Introduced this past spring, Galaxy Buds are Samsung’s take on Apple’s AirPods, a pair of “true” wireless earbuds. I ordered a pair ahead of the arrival of my Galaxy Note 10, which is expected on Friday. Consider this my first tepid step back into the Samsung Galaxy ecosystem.
I’ve never used “true” wireless earbuds, which are so named because each is separate from, and is charged separately from, the other. What I have been using, most recently, is Apple’s previous-generation PowerBeats 3, which are “wireless earphones” that are connected to each other via a cord.
That cord has value. You can charge the pair as a single unit. And, more important to me, since I have been using them at the gym, you pretty much can’t lose them. The cord, combined with each earphone’s earhook, ensures that.
So, the lack of a cord on true wireless earbuds has been concerning to me. But my daughter reports that she’s never lost one of her AirPods, though she has oddly lost the charging case that came with them. (She is a teenager; I’ll just chalk it up to that. And don’t worry, she found it after I purchased a new one.) And Brad and Mehedi, both of whom are AirPod users, have likewise never lost any of their AirPods.
Anyway, the Galaxy Buds arrive in a package that is as small and high-quality as anything you’d get from Apple, and I assume that’s the point. The hardware itself is also very nice: The Buds themselves and the nice wireless charging case that they ship in are both of very high quality. (The case holds a charge and can charge the Buds even when it’s not plugged in, via USB-C. When it is plugged in, it will charge the Buds as well as itself.)
Because everyone has different ear sizes and shapes ears, Samsung also includes two additional sets of rubbery ear tips (in small and large sizes; a medium set is preinstalled on Buds) and wingtips. This is customer-centric and more than a little bit obvious. But it’s something that Apple does not provide with AirPods because, you know, God forbid everything is not neat and tidy. If they don’t fit in your ears, tough.
Like the OnePlus Bullets Wireless earphones, the Galaxy Buds don’t have any obvious on/off switch, and because there’s no cord, there are no inline audio controls as you see on other headphones. This meant that there would be a bit of user education ahead. Time to RTFM, Paul.

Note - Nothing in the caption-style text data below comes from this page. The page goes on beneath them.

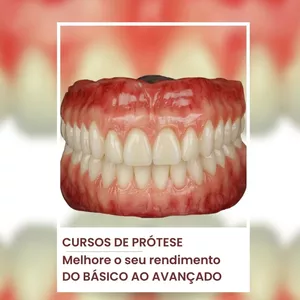 Imagem de capa para o Ebook APOSTILA COMPLETA DE PRÓTESE DENTÁRIA 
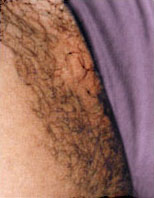 Bikini line before. Courtesy of Mark S. Nestor, MD, PhD.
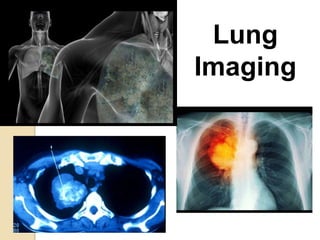 Lung Imaging Lung
Imaging
 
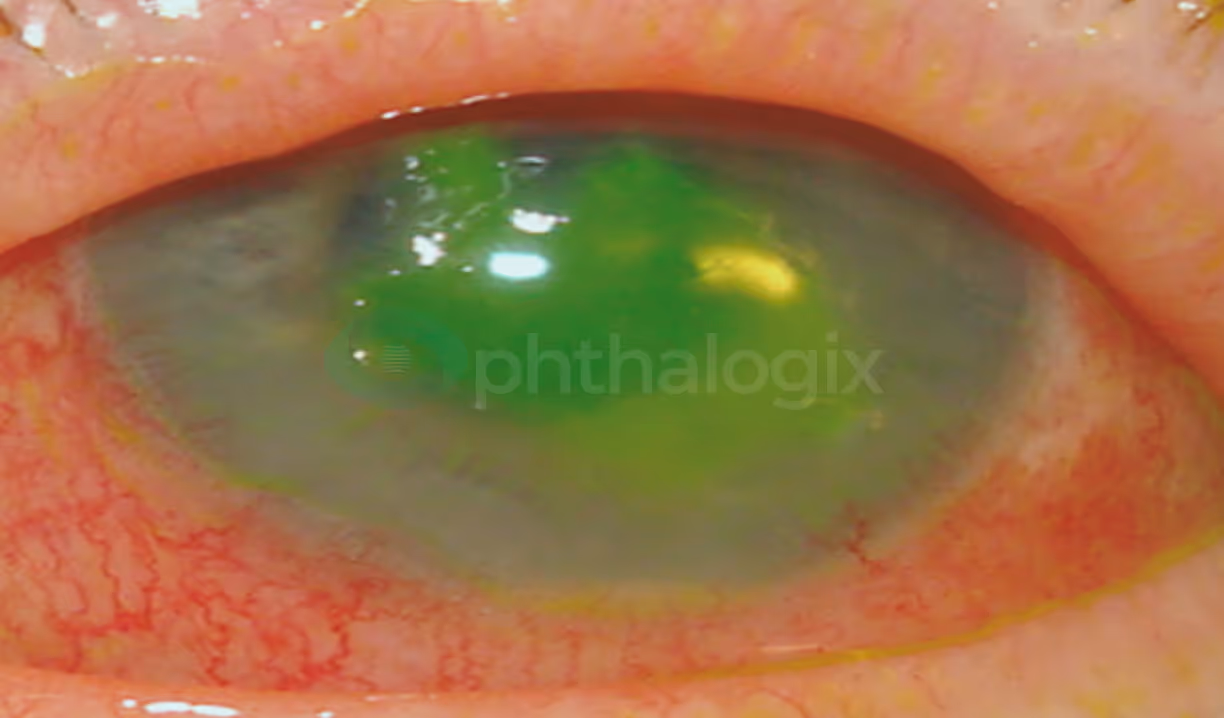 1 week after 1st treatment — VA 20/400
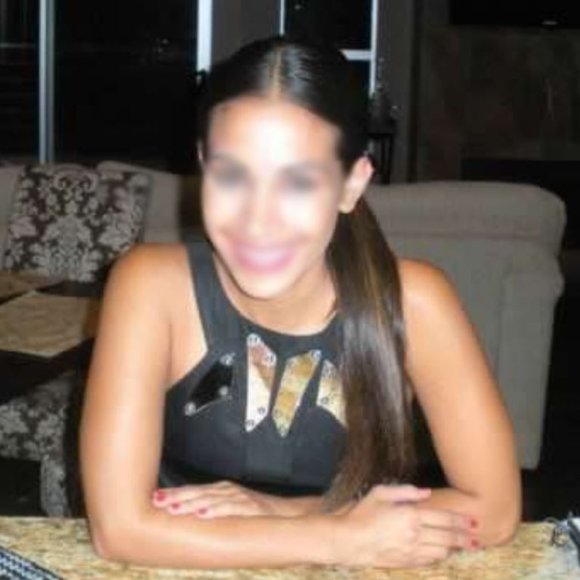 Gucci Mini Dress - Picture 2 of 9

As it turns out, most modern Galaxy handsets should automatically sense the Buds when they’re nearby and in the case, which must be open. I’ll test that when the Note 10 arrives. For now, I’m testing the Buds with my Google Pixel 3a XL instead, so I had to install a Galaxy Wearable app from the Google Play Store. That app detected the Buds and I was up and running pretty quickly.
The app also helps you use and configure the Buds. It provides an animated overview of the various taps you can perform on the touchpad on each Bud. For example, you can tap once to toggle Play/Pause, double-tap to play the next track or answer or end a phone call, and triple-tap to play the previous track. You can also press and hold to decline a call and, for media playback experiences, create a custom command.
That the app required an update on first run, and one that occurred outside of the Google Play Store, is a bit alarming. I trust Samsung, I guess. But that’s rather odd. (Perhaps Samsung handles this through its own store on its own devices. But still.)
The Buds also support an ambient sound feature, which is important because they block out a pretty good chunk of outside sound, even if you’re not playing any audio. (It’s basically passive noise canceling since the Buds completely block your ear canal.) You enable this in the app, of course. And … it can be a little weird, especially if you want to use the Buds indoor, working. But this is crucial if you’re going to go out in the world, especially in busy city locations.
You can also enable a dynamic equalizer setting, which I’m told will improve the sound. That’s the problem with earbuds, of course: The speakers are so small that the sound quality isn’t always great. I don’t have any AirPods experience to compare with, but my first impression of the sound quality was … eh. It sounded OK, but not as good as the other headphones I’ve used recently. Switching to dynamic in the equalizer dial really helped, however. In fact, now they sound fantastic with both music and spoken word (podcast/audiobook).
Samsung says that the Galaxy Buds are good for 13 hours of battery life, but I believe they’re including the 6 additional hours of charge you’ll get from the case, for a real-world battery life total of 7 hours. We’ll see. But charging time is, of course, an issue: Here, Samsung says that 15 minutes of wireless charging will result in 1.7 hours of playback time.
OK, I’m off on a walk to see how the Buds perform outside. And then I’ll start bringing them to the gym this week, and will of course pair them with the Note 10 when that handset arrives. More soon, if required.